» **ASSIGNMENT**: If pictures appear among the lines below, leave them out while you return exactly the lines from the one with "Magcheer 750ml Insulated" through the one with "round white oil tin can with lid".

» **LISTED ENTRIES**:
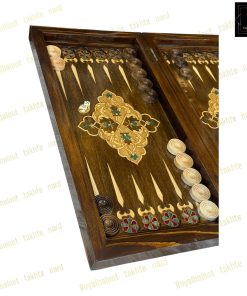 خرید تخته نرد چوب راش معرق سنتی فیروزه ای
--
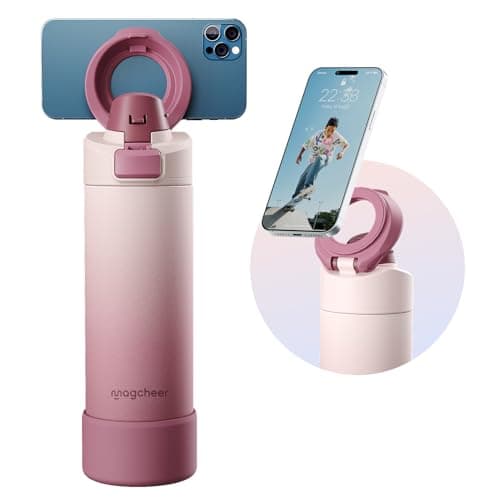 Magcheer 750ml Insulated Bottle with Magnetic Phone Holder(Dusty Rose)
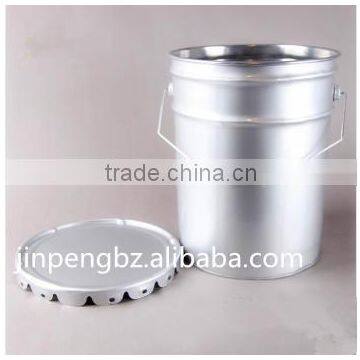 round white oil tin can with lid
--
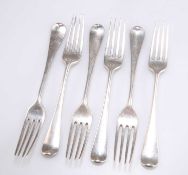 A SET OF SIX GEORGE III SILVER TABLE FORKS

» **TASK RESPONSE**:
 Magcheer 750ml Insulated Bottle with Magnetic Phone Holder(Dusty Rose)
 round white oil tin can with lid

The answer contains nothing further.